◆ Your instructions:
For the records below, copy exactly the span that begins at the line containing "牙胶尖什么颜色根管治疗的标准" and stops after the line containing "Histone H3 (tri", minus any pictures.

◆ Input data:
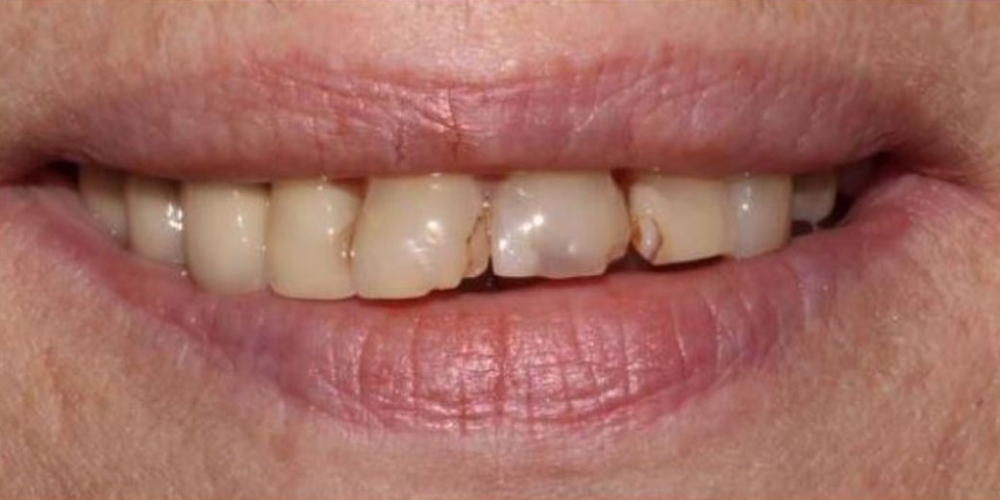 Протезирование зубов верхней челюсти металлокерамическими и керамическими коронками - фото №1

* * *

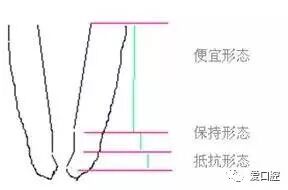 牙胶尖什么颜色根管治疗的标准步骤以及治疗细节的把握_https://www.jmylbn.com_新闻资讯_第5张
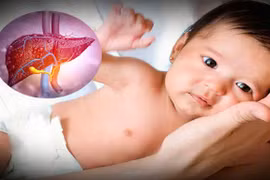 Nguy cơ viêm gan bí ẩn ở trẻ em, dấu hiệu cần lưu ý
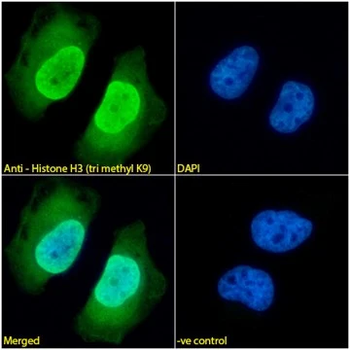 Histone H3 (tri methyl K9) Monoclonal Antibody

◆ Output for this task:
 牙胶尖什么颜色根管治疗的标准步骤以及治疗细节的把握_https://www.jmylbn.com_新闻资讯_第5张
 Nguy cơ viêm gan bí ẩn ở trẻ em, dấu hiệu cần lưu ý
 Histone H3 (tri methyl K9) Monoclonal Antibody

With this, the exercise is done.